Source: LSEG Lipper for Investment Management, Lipper US Indices as of 30 April 2023

Portfolio diversification still works

As we have suggested, portfolio diversification is a long-term strategy that helps smooth out the bumps in the road, but it was never intended to mitigate losses altogether. With bond yields on the rise, the ability of the bond portion of the portfolio to provide both a cushion for market declines and add stronger incremental returns looks better than it has in several years, presenting a stronger starting point.

Depending on an investor’s risk tolerance, portfolio diversification could equate to 80/20, 60/40, or 20/80. The inclusion, however, of bonds and other asset classes in one’s well-diversified portfolio can provide the ballast needed when the waters get choppy.

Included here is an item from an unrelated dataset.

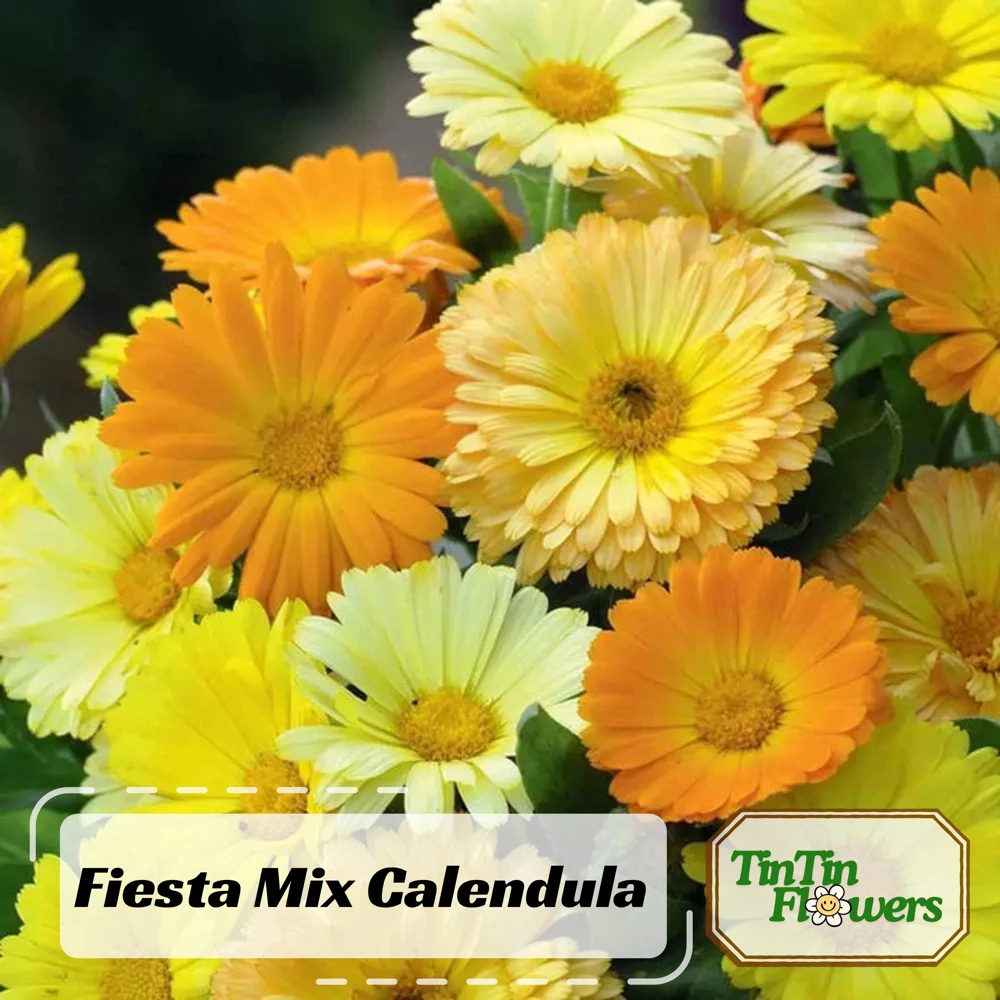 Fiesta Mix Calendula Seeds - 50 Count Pack - Non-GMO Heirloom Flower Seeds for Pollinators & Medicinal Gardens - Image 1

Exhibit 4: Leaders in one year could be the losers in the next. Rolling one-year returns. Lipper U.S. Macro-Classifications 2013 through YTD 2023

In this annual periodic-type performance table from 2013 through YTD 2023 (April), we show the constant rotation of total returns by the disparate Lipper macro-classifications, where, for example, Commodities Funds (+26.19% for 2021) were at the top of the charts, while for 2020 (-2.11%) they were at the very bottom. Supporting the notion that portfolio diversification is a long-term strategy that helps smooth out the bumps in the road.